After 10 weeks and 20 episodes of some of the most interminable and vacuous television New Zealand has ever seen, season two of the The Bachelor NZ exploded like an over-cooked saveloy this week. It left faintly pork-scented pink goop over the whole New Zealand media-scape, from Social to Serious and everything in between.
The final episode played out with a grim, funereal air on Monday, and all of us who'd suffered through it sighed with relief that it was over. In fact, it had barely begun. In central Auckland, deep in the gassy belly of Sky City, the 'Women Tell All' episode was filming, and all hell broke loose.
'Nasty' Naz emerged from the vaguely coy cocoon she'd been nesting in since shooting ended, firing fake pistols and greeting the world with a cheery 'Sup bitches!' She was magnificent, born for this moment fast as a whip and sharp as a tack. She took on anyone who came at her: hecklers got it on the chin; other bachelorettes in the neck.
When the Bachelor himself emerged, sheepish but with a nice new haircut, she grabbed him ravenously, digging her long nails into his throat in an uncomfortably long embrace.
The entrance of Fleur, the putative 'winner' of the competition was, by contrast, a muted and sullen affair. They babbled about a bangle; neither she nor Jordan could meet one another's eyes.
The episode aired on Tuesday night and was by far the best 90 minutes of either season so far precisely because it felt dangerous and unscripted in a way the show never had.
Mauger was grilled by Rebecca for not disclosing his acting career; Shari reminded us all of the essential point that the entire "show is ridiculous", leaving the brilliantly genial host Mike Puru dazed and amused.
It served as a marker for what has to happen should a third season eventuate - stop trying to direct these poor humans and let them just be. Case in point: what happened afterwards. Naz did the radio rounds, which consist chiefly of being sexually harassed by various jocks. She handled the horror well, telling stories of sexual conquests which only served to amplify the humming speculation that Jordan and Fleur's love might be tainted.
That seemed an inevitability even after the show ended, but it was still shocking when Story lead with an interview with Fleur last night. She sat down with Amanda Gillies and told us, through tears, that Mauger, the cad, had broken up with her hours earlier!

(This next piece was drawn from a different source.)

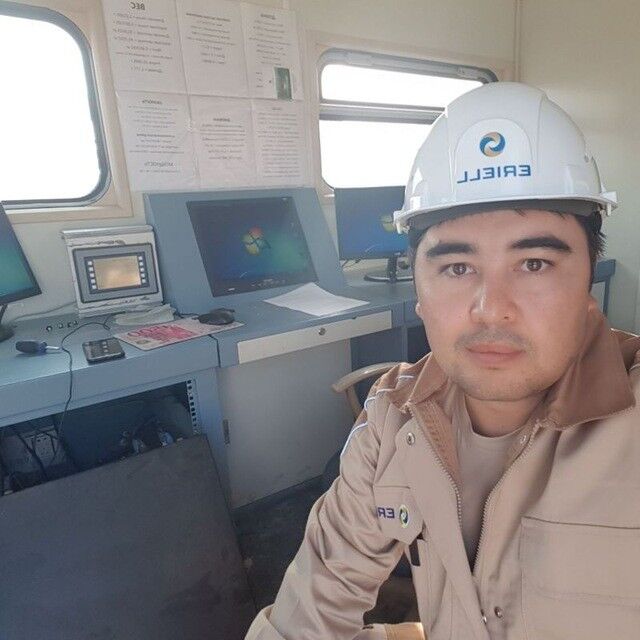  18762283  Ahrorbek, 39 ,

Gillies was magnificent: sympathetic yet probing, asking precisely the questions you'd ask of a jilted mate. The moment served to present Mauger as a national villain on a platter, and he immediately made his social media accounts private to avoid the coming pile on.
But, strangely, despite his being a ropey bachelor and clearly not a great boyfriend, this incident served to make him a far more sympathetic figure, I thought. Clearly this process had been a chore, and one which felt like a trap by the end. For him to end it at the first possible opportunity suggests he was in a dark hole, one which the national opprobrium won't exactly dig him out of.
Afterwards social media became a choppy mess of two conflicting tides: one raging at the bad man; the other seething that this wasn't news. I did wince a little when Duncan Garner segued out by saying "so from breaking news to a surprise of a different sort: the homeless!"
Segues are always hard work though, and while it wasn't 'news', certainly by the dryballs BBC-in-the'50s definition, it was entertaining as all hell. Which is something the show has been only intermittently over the last couple of months. For that all us long-suffering Bachelor will forever be grateful - the conflagration might just have bought the show a third season.